The answer to Question (2) is incorrect. Explanations follow.

(1) Except for the special case of superconductors, which actually do exhibit zero resistance, it is impossible to create a short-circuit with zero resistance because all wires (electrical conductors) that are not superconductors have a finite resistance that is greater than zero ohms. Therefore, the minimum resistance necessary to constitute a short-circuit must also be some value greater than zero ohms.

(2) There is no such thing as infinity. Infinity is not a number; it is just a very large quantity that can be approached but never reached: a convenient fiction, useful to mathematicians and confusing and misinterpreted by everyone else. However, your answer is closer to the truth than your answer to the first question.
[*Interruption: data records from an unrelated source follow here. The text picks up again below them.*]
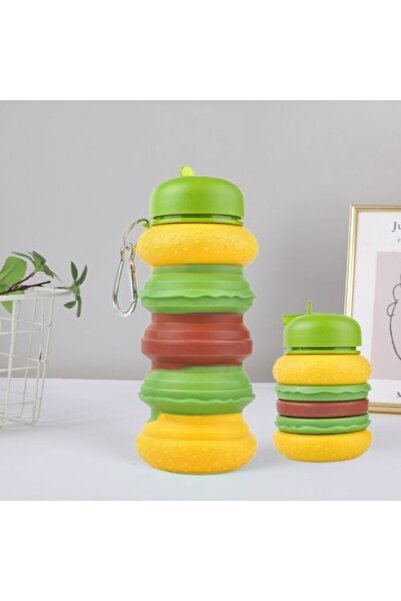 Livava زجاجة مياه قابلة للطي من السيليكون باللون الأصفر - 23x7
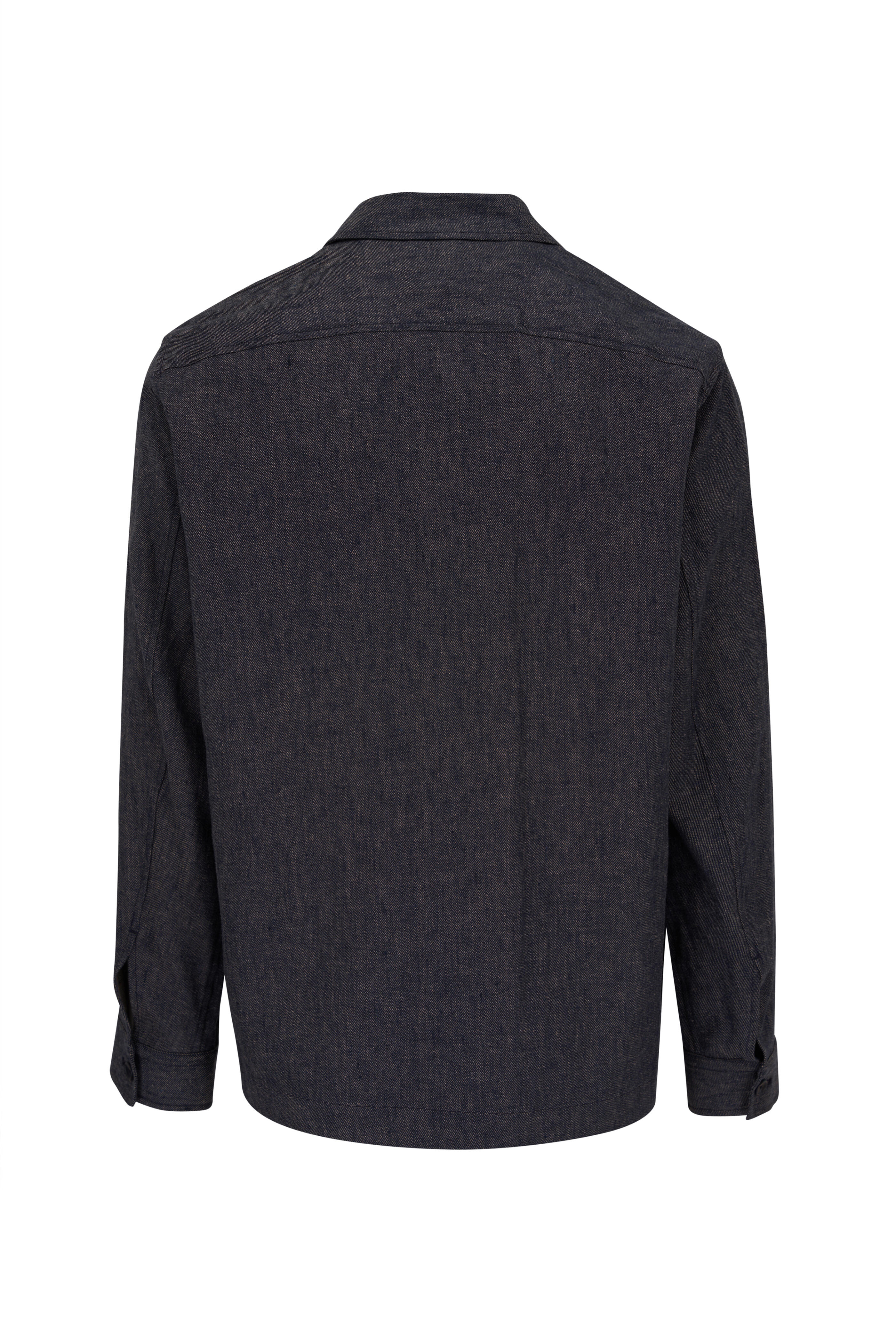 Vince - Dark Indigo Linen & Cotton Shacket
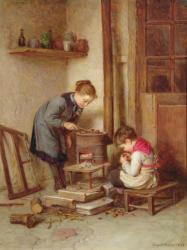 Roasting Chestnuts, 1882 (oil on canvas) | Obraz na stenu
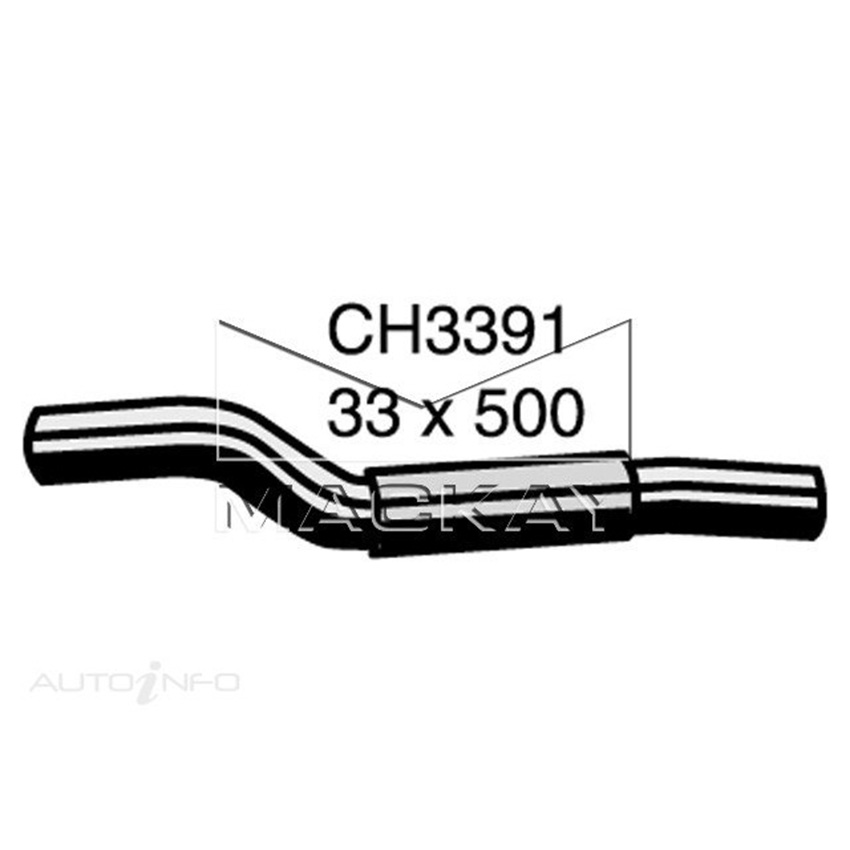 Mackay CH3391 Radiator Upper Hose For Toyota Camry MCV36R 3.0L V6 Ptl Man&Auto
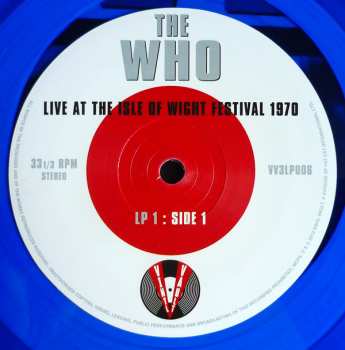 3LP The Who: Live At The Isle Of Wight Festival 1970 CLR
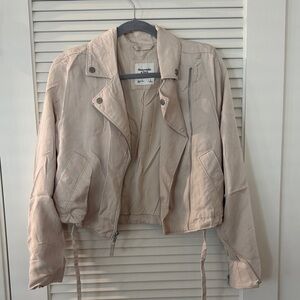 Abercrombie Light Tan Crop Jacket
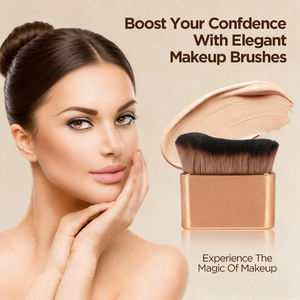 <span class=keywords><strong>Pinceau</strong></span> applicateur de fond de teint Kabuki en fibres douces pour le visage et le corps, idéal pour le maquillage, le faux-bronzant et le correcteur - Product Image 3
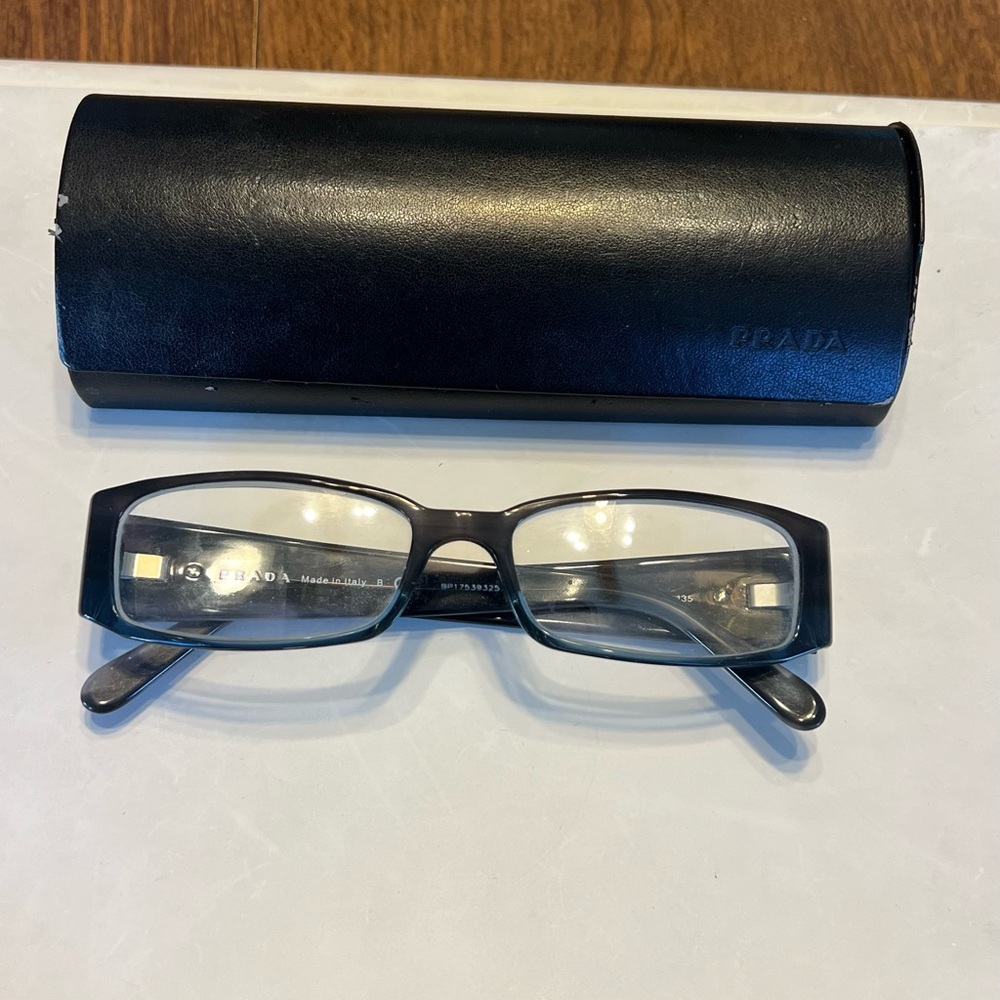 Prada Glossy Black with a blue tint Eyewear - Picture 4 of 5
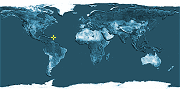 Position sur une mappemonde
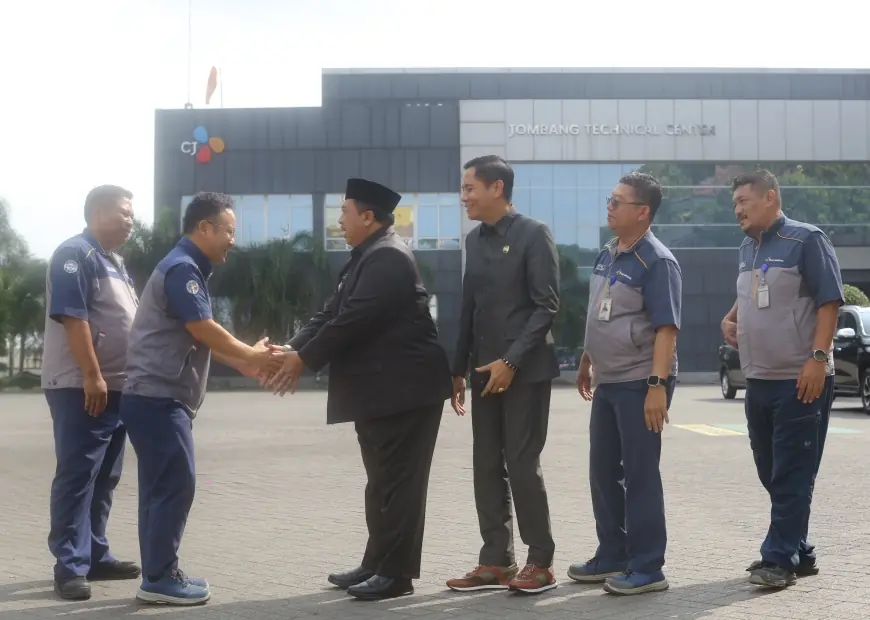 Bupati Jombang Anggap Pabrik PT CJI Contoh Nyata Bagaimana Investasi Berjalan
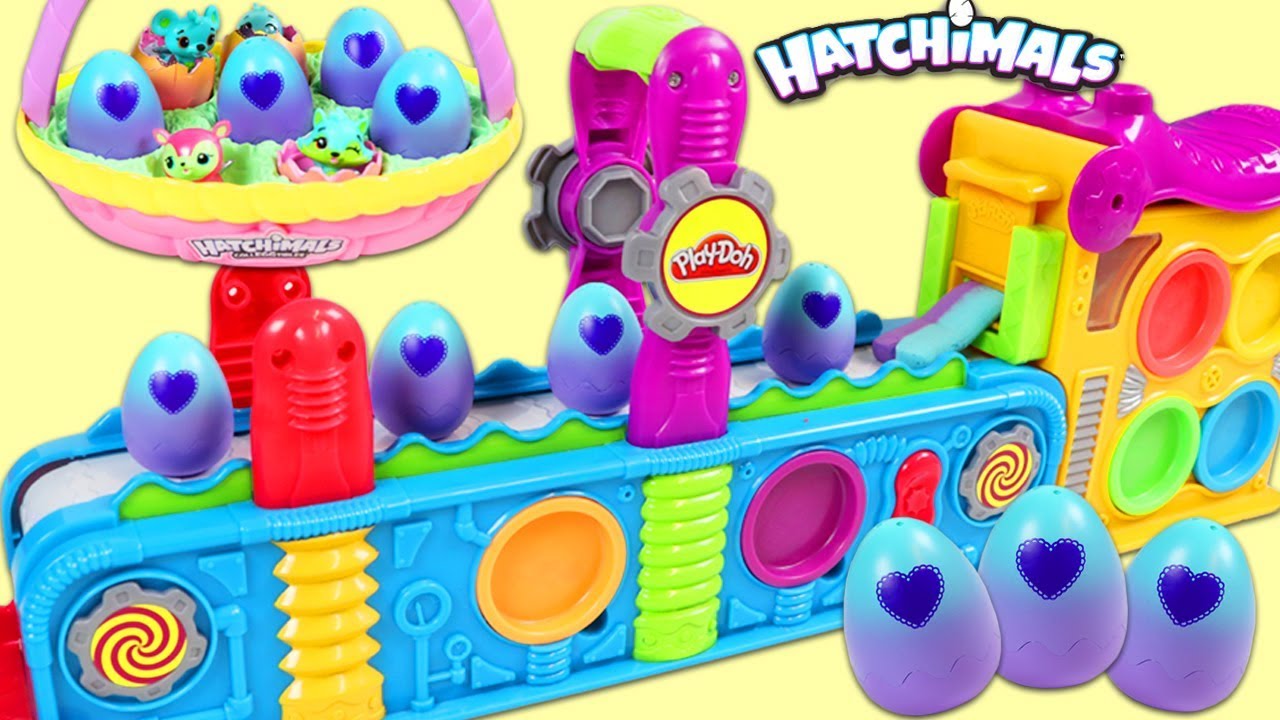 Play Doh Mega Fun Factory Playset Makes Hatchimals Eggs!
Very large resistances, megohms and larger, can and do constitute a short-circuit, depending on the circuit under consideration. In fact, there is no maximum resistance that cannot constitute a short-circuit. It all depends on the circuit under consideration.

From these two explanations I hope you can see that short-circuits can have any resistance, ranging from almost zero ohms to greater resistances than the largest resistance you can measure with your digital multimeter.

Remember my definition: short-circuits must be unintentional and low-resistance. Unintentional is not always obvious, although with careful circuit design it should be! Low-resistance depends on, and is relative to, the particular circuit under consideration.

#### hevans1944

##### Hop - AC8NS
Jun 21, 2012
4,864
CORRECTION TO POST #28, REGARDING POLARITY

I don't know what I was thinking when I wrote:

You seem to be confused, based on earlier posts, about the correct terminology we use here on Electronics Point to describe circuits. Where did you get the idea that LEDs have a positive terminal and a negative terminal?
I can see now where you got the idea. It is all over the Internet!. And it is correct. I am the one who was confused. Please accept my sincere apology.

Somehow I must have been thinking that a component had to be a source of electricity to have positive and/or negative terminals. However, this is NOT common usage. LEDs do have an anode and a cathode, and the anode is often referred to as the positive terminal while the cathode is often referred to as the negative terminal of the LED. The same terminology applies to every other diode: anode is positive, cathode is negative. This is the voltage polarity that must be applied to make the diode conduct in the forward direction.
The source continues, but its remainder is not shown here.